Все дни погода стояла безоблачная и теплая, на солнце было и вовсе по-летнему жарко, но в саду Биеннале желтела уже октябрьская листва платанов и от каналов начинало потягивать осенней приторной гнильцой.
Он жил на Сан-Джордже, в ферестерии при бывшем монастыре, в котором и проходила конференция, и с острова в город можно было добраться только на вапоретто.
После заключительного заседания — назавтра все уже разъезжались — он и переправился на другую сторону Канале Гранде, где в ресторане неподалеку от Сан-Марко был назначен прощальный ужин.
На площади тесно толклись туристы, глазели на золотую мозаику собора и Дворец дожей или, обсыпав себе голову и плечи конопляным семенем, замирали, пока разжиревшие голуби деловито и сосредоточенно склевывали с них зерна, и фотографировали друг друга.
Он был в Венеции не впервые, и раз от раза тут ничего не менялось — туристы, голуби, щелканье фотоаппаратов, разноязычный гомон, отбивающие часы колокольные удары бронзовых мавров-молотобойцев, аскетическая вертикаль кирпичной кампанилы, сплошные аркады по три другие стороны площади, делающие ее похожей на огромную бальную залу.

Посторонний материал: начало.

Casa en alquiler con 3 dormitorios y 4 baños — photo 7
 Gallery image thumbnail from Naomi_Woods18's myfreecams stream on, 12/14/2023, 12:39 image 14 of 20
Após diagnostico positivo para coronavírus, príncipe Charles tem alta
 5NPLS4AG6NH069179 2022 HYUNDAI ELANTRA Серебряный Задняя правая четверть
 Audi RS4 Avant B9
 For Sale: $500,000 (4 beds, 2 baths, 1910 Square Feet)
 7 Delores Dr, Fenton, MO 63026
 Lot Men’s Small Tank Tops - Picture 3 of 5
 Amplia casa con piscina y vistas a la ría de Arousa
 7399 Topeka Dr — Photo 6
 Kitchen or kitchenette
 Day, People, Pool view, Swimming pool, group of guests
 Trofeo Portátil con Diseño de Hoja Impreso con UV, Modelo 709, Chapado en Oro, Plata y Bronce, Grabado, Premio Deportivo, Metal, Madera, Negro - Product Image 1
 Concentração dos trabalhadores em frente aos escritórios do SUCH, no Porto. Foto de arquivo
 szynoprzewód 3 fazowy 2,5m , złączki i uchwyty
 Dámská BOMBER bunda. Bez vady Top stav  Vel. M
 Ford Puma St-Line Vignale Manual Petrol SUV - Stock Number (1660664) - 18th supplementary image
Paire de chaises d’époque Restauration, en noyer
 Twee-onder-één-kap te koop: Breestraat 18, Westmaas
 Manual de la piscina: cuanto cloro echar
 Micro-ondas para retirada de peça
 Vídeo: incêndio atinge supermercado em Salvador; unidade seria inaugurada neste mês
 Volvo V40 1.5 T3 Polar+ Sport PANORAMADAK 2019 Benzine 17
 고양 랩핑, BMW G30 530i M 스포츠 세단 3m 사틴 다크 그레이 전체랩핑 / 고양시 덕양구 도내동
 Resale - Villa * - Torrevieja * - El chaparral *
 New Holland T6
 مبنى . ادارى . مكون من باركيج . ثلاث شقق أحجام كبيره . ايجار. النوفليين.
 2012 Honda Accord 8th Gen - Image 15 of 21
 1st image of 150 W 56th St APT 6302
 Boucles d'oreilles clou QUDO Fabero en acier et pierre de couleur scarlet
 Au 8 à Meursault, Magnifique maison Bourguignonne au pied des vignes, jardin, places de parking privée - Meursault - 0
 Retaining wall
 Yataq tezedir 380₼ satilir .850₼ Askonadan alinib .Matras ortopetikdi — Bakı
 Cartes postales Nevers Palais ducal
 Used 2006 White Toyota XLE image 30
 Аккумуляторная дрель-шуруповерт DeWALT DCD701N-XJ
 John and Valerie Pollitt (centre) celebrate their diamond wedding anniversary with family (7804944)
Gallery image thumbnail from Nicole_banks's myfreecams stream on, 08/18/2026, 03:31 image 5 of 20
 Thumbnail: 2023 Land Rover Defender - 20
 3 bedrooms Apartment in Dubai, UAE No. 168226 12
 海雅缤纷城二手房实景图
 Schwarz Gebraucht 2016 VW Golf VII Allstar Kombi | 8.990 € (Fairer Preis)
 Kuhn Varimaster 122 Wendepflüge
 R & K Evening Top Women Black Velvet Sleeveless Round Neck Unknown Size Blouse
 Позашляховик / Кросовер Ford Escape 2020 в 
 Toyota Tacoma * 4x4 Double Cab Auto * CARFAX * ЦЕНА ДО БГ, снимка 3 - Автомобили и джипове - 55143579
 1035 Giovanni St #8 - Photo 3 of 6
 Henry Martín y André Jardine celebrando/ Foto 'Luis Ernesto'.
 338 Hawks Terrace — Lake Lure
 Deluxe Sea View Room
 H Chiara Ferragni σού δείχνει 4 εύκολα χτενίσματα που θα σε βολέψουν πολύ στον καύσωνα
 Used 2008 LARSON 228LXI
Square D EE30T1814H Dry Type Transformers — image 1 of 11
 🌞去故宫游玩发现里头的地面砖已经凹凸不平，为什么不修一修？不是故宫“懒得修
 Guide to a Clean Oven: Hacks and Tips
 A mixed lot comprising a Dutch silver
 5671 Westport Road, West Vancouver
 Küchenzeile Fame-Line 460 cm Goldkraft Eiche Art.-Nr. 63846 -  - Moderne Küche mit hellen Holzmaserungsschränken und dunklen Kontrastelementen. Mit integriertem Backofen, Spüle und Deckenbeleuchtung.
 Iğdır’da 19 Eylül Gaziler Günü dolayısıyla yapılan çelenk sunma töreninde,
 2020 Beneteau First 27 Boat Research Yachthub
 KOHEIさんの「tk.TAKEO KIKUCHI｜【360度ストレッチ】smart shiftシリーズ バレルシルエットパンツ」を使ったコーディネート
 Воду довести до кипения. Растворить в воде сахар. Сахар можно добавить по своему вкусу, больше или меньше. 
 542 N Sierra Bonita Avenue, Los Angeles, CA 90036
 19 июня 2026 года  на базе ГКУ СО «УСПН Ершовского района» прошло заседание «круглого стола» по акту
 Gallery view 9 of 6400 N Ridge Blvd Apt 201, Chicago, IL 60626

Я-то свое отплясал, сказал он себе, пора и честь знать.
До ужина еще оставалось часа три, и он долго гулял, продираясь сквозь плотную толпу, по набережной, ноги спеклись в тяжелых, не по здешней погоде, ботинках, и он присел на стоящие вдоль фасадов домов и похожие на длинные и низкие рыночные прилавки пассарелли — мостки, которые расставляют поперек Сан-Марко и вдоль каналов при восточном ветре, когда воды лагуны выходят из берегов и затопляют площадь и набережные.
Глядя на снующую перед глазами толпу, он в который раз привычно подумал, что всегда и везде, где бы он ни был, он никогда не сливается, не растворяется в жизни, которой, нимало о ней не задумываясь, живут все остальные вокруг. Разве что дома, в Москве… — хотел было он возразить самому себе, но тут же и опроверг: дома?! Ты говоришь «я еду домой», когда возвращаешься из Москвы в Париж, а когда собираешься в Москву, то так и говоришь: «я еду в Москву», никакой это тебе уже не дом, Москва, хоть самому себе не вешай лапшу на уши.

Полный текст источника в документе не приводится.